= WORK TO BE COMPLETED =
Pictures stay out; print the rest of the listing below exactly as it stands.

= DATASET EXCERPTS =
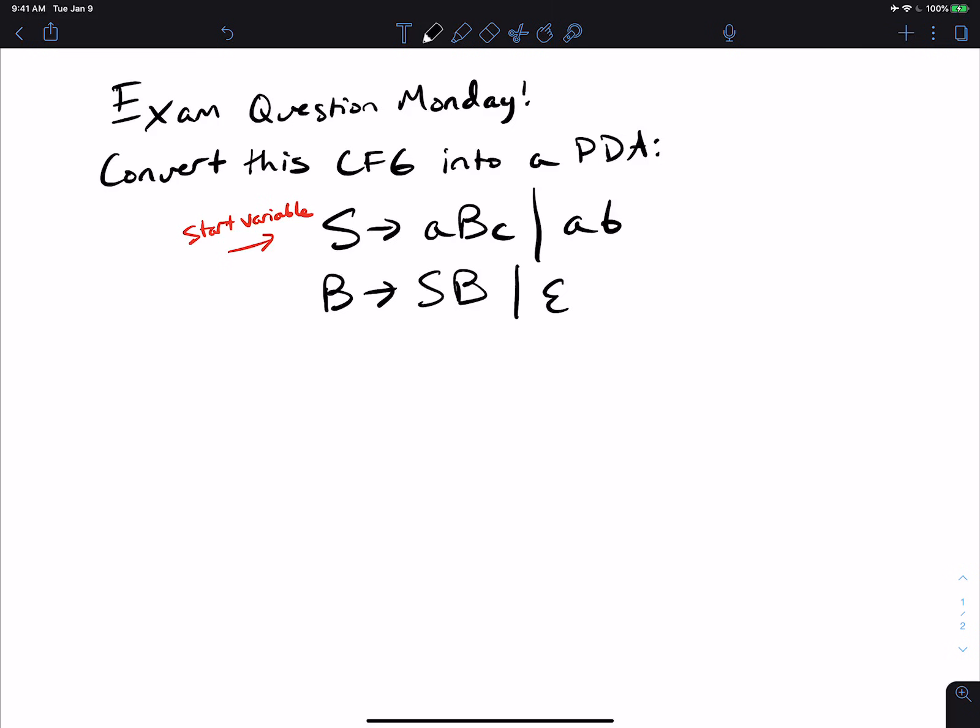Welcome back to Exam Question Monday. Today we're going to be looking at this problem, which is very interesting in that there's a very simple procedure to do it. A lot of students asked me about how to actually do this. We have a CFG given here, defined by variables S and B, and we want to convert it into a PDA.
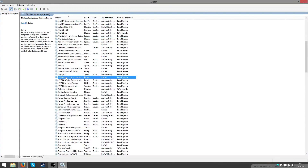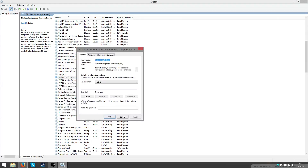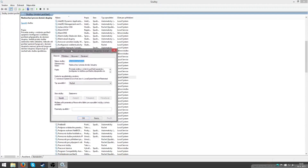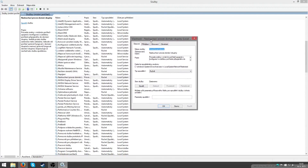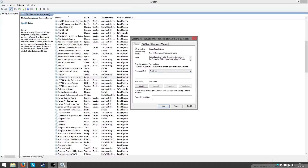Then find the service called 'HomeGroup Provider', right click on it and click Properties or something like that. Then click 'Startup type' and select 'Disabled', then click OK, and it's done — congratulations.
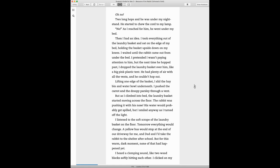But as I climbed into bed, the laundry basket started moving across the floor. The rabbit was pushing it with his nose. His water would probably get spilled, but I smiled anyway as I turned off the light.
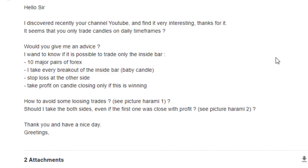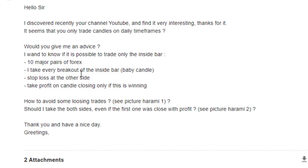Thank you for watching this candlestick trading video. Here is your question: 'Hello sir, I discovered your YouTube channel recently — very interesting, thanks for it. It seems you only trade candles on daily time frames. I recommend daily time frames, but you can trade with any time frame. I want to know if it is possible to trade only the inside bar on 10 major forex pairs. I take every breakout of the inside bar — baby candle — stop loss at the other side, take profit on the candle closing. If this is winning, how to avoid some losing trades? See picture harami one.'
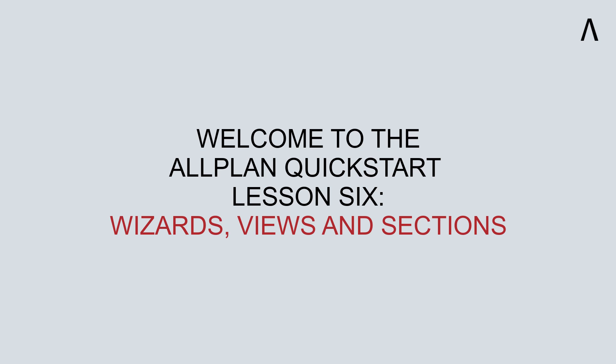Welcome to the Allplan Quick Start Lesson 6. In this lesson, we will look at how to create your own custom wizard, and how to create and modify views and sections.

= ANSWER TO THIS EXERCISE =
Welcome back to Exam Question Monday. Today we're going to be looking at this problem, which is very interesting in that there's a very simple procedure to do it. A lot of students asked me about how to actually do this. We have a CFG given here, defined by variables S and B, and we want to convert it into a PDA.
Then find the service called 'HomeGroup Provider', right click on it and click Properties or something like that. Then click 'Startup type' and select 'Disabled', then click OK, and it's done — congratulations.
But as I climbed into bed, the laundry basket started moving across the floor. The rabbit was pushing it with his nose. His water would probably get spilled, but I smiled anyway as I turned off the light.
Thank you for watching this candlestick trading video. Here is your question: 'Hello sir, I discovered your YouTube channel recently — very interesting, thanks for it. It seems you only trade candles on daily time frames. I recommend daily time frames, but you can trade with any time frame. I want to know if it is possible to trade only the inside bar on 10 major forex pairs. I take every breakout of the inside bar — baby candle — stop loss at the other side, take profit on the candle closing. If this is winning, how to avoid some losing trades? See picture harami one.'
Welcome to the Allplan Quick Start Lesson 6. In this lesson, we will look at how to create your own custom wizard, and how to create and modify views and sections.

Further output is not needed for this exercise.